Rio Del Oro

The 3,893-acre Rio del Oro specific plan is located within the City of Rancho Cordova, Sacramento County, California. Significant portions of the property were mined for gold starting in the early 1900s and the remainder was used primarily for agriculture. ECORP Consulting Inc. provided biological, cultural, and regulatory permitting services that covered a wide range of issues.


ECORP completed the wetland delineation for this complicated site. The delineation had to address Rapanos Analysis to determine which wetlands were “isolated” and which were under the jurisdiction of the U.S. Army Corps of Engineers. The isolated wetlands are primarily located in between the tailings piles left from the past mining. Here, fine particles of soil that settled after mining ceased created a place for wetlands to re-establish. In addition, blue elderberry shrubs (Sambucus mexicana) flourished (over 300 shrubs were located within the project site) in the highly disturbed post-mining conditions leading to consultation with the U.S. Fish and Wildlife Service (USFWS) regarding the Valley elderberry longhorn beetle (Desmocerus californicus dimorphus) and the preparation of a suitable mitigation plan.
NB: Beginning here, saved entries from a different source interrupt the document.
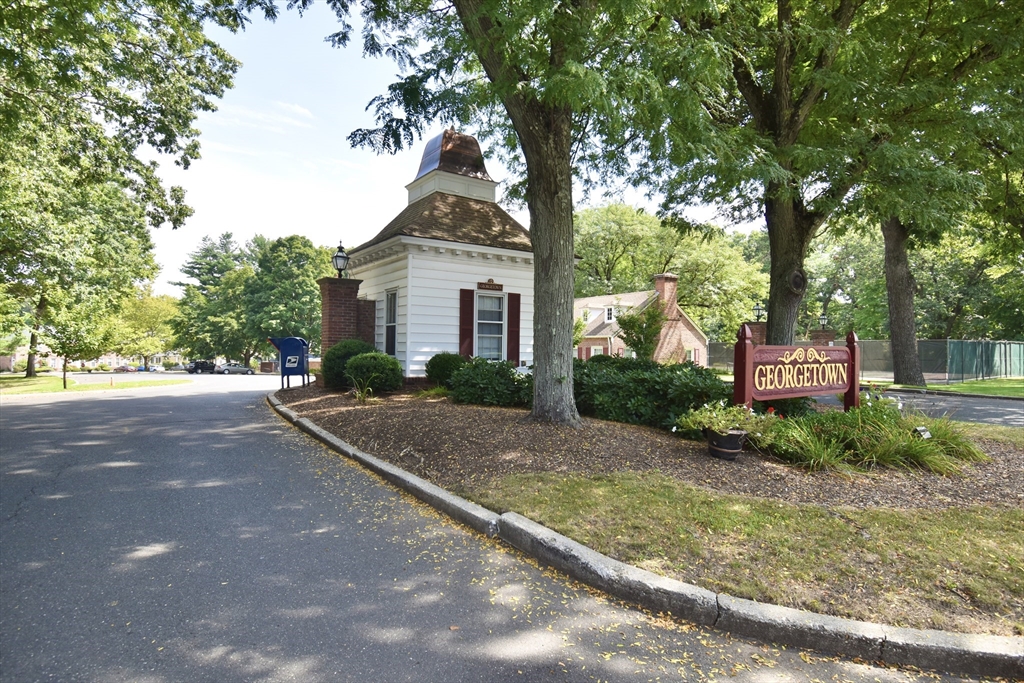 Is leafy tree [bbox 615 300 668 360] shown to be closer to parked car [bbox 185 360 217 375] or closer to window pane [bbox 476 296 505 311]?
window pane [bbox 476 296 505 311]

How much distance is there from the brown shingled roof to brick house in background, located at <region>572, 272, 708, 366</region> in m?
15.1

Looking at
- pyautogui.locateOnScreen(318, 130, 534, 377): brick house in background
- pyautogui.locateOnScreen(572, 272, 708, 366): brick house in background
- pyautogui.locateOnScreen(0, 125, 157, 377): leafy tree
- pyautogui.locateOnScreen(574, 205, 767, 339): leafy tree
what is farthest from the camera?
pyautogui.locateOnScreen(574, 205, 767, 339): leafy tree

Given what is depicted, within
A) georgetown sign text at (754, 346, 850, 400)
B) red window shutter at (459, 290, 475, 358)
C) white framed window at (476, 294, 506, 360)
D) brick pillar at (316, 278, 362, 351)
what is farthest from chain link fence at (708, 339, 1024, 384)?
brick pillar at (316, 278, 362, 351)

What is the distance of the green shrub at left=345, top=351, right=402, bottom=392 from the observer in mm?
10914

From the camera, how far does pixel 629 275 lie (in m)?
33.5

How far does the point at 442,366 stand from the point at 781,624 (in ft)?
31.2

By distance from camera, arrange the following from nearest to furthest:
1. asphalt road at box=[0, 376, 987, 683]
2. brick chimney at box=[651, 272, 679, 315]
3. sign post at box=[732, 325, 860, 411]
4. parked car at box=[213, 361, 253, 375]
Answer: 1. asphalt road at box=[0, 376, 987, 683]
2. sign post at box=[732, 325, 860, 411]
3. brick chimney at box=[651, 272, 679, 315]
4. parked car at box=[213, 361, 253, 375]

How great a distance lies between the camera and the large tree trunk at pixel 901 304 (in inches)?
677

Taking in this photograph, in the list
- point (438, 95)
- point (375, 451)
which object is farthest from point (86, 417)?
point (438, 95)

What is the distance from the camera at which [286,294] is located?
4269cm

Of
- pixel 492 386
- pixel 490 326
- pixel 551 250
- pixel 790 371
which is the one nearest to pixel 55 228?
pixel 490 326

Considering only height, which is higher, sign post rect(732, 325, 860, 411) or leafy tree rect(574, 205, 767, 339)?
leafy tree rect(574, 205, 767, 339)

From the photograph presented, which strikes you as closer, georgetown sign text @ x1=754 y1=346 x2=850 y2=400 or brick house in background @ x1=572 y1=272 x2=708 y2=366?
georgetown sign text @ x1=754 y1=346 x2=850 y2=400

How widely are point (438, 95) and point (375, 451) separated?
570 centimetres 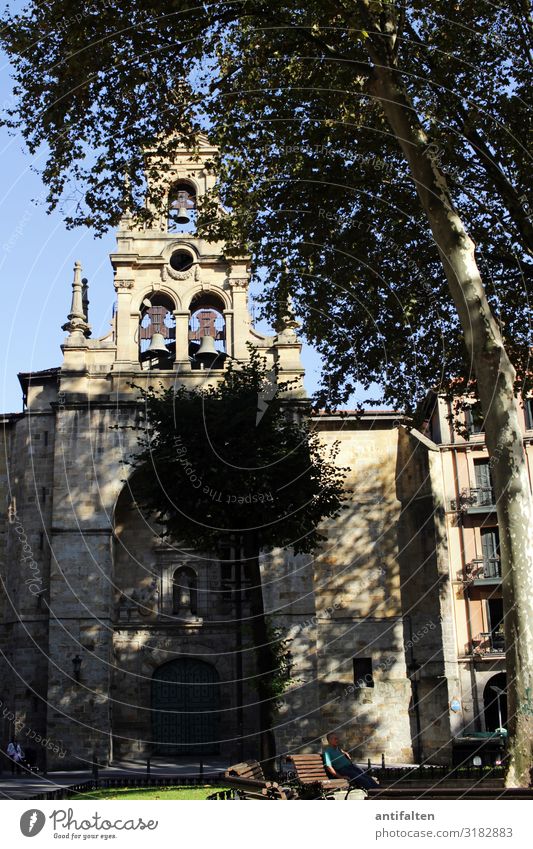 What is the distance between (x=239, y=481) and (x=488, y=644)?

The tailings piles primarily consist of cobble with limited vegetation outside of the wetland areas. ECORP performed a study that assessed the tailings and associated grasslands’ suitability for providing prey for foraging raptors, specifically Swainson’s hawks (Buteo swainsoni) and to determine if it would be appropriate to mitigate for loss of foraging habitat as a result of the development of the site.


ECORP conducted rare plant surveys within the vernal pool complexes located in the southeastern portion of the site. Orcutt grasses (Orcuttia tenuis and Orcuttia viscida) are known from the vicinity. No occurrences were located. ECORP assisted the inter-agency team developing the California Rapid Assessment Method vernal pool assessment protocol by performing CRAM on Rio del Oro and providing feedback into the method’s development. Vernal pools will be restored, enhanced, and created within a 510 acre portion of the site that will be preserved. ECORP conducted fieldwork, assessed historic photos, and used LIDAR-derived topographic data to develop the vernal pool mitigation plan. The LIDAR-derived topographic data was also used to determine if the limits of the proposed preserve boundary are sufficient to maintain the hydrologic function of the existing and restored wetlands. After the Rio del Oro project has built out the wetland preserve will be managed according to a long-term management plan developed by ECORP to address the management, maintenance and monitoring of the preserved resources.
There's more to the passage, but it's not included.